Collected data
#####

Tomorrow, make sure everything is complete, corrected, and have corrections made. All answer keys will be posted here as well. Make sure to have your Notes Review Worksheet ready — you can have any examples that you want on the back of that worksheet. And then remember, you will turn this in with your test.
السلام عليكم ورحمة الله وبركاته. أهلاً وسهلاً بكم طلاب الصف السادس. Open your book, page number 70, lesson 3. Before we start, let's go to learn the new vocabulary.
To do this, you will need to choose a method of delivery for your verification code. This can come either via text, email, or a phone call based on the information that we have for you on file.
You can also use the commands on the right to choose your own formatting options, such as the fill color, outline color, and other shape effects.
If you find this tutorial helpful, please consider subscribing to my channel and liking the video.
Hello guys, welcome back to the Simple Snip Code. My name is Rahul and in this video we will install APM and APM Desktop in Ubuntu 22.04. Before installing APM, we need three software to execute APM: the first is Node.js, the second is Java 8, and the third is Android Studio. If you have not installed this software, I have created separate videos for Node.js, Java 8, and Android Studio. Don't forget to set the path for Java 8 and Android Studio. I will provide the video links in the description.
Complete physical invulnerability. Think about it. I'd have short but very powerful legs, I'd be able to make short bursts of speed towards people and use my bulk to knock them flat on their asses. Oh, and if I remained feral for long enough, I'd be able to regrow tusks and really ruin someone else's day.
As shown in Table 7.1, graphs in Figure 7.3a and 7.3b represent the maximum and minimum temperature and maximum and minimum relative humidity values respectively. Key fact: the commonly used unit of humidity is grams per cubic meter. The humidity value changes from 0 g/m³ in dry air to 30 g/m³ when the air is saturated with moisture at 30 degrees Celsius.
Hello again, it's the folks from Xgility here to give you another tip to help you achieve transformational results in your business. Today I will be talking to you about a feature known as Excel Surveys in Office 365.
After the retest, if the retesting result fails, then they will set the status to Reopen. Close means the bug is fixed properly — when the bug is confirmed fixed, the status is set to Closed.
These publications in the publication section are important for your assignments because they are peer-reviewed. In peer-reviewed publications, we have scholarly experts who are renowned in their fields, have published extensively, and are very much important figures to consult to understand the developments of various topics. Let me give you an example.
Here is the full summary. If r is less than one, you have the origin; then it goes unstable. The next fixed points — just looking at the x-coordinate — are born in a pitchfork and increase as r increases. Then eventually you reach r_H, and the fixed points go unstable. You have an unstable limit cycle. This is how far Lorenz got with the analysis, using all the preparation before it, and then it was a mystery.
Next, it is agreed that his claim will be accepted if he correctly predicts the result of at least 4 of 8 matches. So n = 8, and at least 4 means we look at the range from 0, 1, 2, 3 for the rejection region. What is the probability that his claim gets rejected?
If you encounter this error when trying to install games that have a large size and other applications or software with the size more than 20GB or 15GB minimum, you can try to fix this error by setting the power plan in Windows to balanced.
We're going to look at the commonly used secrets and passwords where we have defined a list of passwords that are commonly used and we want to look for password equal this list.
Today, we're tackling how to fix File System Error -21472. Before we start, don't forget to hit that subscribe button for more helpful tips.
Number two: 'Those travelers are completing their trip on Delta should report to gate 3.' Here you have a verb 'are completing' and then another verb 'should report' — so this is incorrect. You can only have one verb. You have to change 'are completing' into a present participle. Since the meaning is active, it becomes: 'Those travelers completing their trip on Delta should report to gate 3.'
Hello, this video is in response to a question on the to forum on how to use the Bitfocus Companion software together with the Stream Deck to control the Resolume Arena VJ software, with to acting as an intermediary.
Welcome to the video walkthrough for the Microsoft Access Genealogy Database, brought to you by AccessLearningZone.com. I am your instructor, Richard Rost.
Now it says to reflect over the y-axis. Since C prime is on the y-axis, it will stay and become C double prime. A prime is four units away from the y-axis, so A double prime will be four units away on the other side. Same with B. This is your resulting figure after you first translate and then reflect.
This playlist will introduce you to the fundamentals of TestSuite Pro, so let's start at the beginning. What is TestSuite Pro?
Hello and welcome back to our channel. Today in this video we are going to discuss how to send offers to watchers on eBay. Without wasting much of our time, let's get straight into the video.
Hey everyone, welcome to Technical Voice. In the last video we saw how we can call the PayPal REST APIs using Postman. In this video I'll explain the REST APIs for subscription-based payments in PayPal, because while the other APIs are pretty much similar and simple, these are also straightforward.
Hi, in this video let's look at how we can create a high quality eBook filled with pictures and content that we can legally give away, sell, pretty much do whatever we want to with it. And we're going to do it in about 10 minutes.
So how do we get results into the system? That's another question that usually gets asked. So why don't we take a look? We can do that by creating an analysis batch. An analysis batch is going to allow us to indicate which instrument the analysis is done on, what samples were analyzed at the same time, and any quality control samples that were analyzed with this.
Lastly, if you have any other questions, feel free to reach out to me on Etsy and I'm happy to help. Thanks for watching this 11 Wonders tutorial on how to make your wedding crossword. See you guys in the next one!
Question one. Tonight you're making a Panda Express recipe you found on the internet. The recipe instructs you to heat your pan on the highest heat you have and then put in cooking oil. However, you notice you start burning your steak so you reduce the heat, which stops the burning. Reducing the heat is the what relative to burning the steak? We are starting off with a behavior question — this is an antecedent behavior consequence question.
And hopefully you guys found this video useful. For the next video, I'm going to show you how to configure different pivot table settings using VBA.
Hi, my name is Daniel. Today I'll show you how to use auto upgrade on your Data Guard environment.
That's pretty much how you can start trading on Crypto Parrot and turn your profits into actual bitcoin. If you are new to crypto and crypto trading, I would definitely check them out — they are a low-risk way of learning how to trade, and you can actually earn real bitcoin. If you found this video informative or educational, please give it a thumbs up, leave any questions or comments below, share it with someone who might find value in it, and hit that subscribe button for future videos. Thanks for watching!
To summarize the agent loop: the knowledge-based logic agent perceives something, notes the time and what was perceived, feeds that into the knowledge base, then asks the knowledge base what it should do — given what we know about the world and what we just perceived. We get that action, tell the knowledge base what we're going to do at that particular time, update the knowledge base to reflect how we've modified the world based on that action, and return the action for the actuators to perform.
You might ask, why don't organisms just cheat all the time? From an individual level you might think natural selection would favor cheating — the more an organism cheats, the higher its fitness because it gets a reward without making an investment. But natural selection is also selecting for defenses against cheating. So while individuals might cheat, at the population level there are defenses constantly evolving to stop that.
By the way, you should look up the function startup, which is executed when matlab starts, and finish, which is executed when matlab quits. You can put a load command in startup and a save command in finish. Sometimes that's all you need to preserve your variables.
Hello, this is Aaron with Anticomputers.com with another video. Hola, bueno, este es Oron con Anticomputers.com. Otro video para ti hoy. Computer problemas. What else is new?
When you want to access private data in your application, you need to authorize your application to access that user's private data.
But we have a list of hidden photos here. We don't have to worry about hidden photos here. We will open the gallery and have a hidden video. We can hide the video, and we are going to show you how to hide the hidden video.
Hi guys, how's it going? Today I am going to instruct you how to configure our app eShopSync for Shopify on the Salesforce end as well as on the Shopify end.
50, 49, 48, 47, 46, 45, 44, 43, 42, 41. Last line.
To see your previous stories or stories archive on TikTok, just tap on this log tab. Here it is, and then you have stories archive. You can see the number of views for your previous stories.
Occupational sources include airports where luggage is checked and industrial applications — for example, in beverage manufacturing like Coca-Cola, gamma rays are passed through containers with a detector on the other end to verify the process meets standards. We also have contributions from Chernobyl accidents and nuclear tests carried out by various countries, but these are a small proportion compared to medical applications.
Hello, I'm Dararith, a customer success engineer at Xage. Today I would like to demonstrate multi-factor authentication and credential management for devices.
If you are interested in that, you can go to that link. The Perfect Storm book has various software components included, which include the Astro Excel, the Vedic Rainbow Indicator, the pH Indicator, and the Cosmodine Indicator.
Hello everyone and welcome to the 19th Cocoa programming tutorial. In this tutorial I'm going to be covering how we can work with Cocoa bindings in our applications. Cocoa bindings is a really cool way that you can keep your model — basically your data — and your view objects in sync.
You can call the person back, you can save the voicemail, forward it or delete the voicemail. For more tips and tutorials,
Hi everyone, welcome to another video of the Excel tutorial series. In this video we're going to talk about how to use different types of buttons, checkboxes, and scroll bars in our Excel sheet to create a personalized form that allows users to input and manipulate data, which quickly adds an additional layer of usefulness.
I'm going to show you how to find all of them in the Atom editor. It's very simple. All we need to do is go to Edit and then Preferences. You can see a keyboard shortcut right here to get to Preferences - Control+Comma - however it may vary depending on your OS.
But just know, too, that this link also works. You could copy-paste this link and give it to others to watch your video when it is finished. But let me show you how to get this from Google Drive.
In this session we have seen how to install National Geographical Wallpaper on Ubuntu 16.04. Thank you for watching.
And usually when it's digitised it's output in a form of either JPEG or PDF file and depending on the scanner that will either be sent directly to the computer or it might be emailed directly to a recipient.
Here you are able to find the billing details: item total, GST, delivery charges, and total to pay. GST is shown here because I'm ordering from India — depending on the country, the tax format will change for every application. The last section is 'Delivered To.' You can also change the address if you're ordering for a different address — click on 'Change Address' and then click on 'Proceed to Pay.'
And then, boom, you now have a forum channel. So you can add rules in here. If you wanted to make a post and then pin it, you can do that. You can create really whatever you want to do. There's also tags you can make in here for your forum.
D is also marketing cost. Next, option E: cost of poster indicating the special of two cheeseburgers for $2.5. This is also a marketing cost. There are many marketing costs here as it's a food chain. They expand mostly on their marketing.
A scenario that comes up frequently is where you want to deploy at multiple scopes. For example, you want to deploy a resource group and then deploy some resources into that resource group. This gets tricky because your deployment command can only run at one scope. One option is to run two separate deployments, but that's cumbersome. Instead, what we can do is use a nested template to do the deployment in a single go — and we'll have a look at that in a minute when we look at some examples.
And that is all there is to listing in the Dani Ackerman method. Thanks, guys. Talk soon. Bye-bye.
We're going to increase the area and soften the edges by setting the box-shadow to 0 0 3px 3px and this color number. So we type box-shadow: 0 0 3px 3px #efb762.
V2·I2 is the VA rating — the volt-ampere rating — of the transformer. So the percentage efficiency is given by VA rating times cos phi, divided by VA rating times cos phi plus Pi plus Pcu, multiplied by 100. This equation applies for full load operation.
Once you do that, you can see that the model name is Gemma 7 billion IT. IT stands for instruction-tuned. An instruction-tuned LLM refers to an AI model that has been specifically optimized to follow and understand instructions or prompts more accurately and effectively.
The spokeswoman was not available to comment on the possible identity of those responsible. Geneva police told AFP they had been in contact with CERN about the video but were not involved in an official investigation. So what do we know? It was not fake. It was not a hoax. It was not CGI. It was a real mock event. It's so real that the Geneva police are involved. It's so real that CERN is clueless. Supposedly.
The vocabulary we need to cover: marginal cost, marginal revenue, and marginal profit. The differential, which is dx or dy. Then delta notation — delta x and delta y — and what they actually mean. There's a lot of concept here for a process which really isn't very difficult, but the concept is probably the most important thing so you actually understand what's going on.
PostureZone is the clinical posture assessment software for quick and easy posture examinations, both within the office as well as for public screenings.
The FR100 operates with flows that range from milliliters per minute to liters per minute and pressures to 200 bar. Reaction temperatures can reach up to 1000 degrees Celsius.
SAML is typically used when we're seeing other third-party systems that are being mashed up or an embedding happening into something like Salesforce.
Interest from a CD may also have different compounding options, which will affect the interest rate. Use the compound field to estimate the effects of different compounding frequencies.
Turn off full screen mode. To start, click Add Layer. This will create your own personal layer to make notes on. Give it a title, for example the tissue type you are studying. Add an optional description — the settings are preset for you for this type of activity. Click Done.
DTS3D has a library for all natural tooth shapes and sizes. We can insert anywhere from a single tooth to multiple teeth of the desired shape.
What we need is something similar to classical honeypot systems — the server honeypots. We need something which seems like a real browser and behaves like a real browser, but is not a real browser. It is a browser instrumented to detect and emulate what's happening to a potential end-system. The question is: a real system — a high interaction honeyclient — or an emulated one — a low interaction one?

#####

> [Exercise instructions]:
Show all lines from the data above in which the word "important" appears.

> [Exercise response]:
These publications in the publication section are important for your assignments because they are peer-reviewed. In peer-reviewed publications, we have scholarly experts who are renowned in their fields, have published extensively, and are very much important figures to consult to understand the developments of various topics. Let me give you an example.
The vocabulary we need to cover: marginal cost, marginal revenue, and marginal profit. The differential, which is dx or dy. Then delta notation — delta x and delta y — and what they actually mean. There's a lot of concept here for a process which really isn't very difficult, but the concept is probably the most important thing so you actually understand what's going on.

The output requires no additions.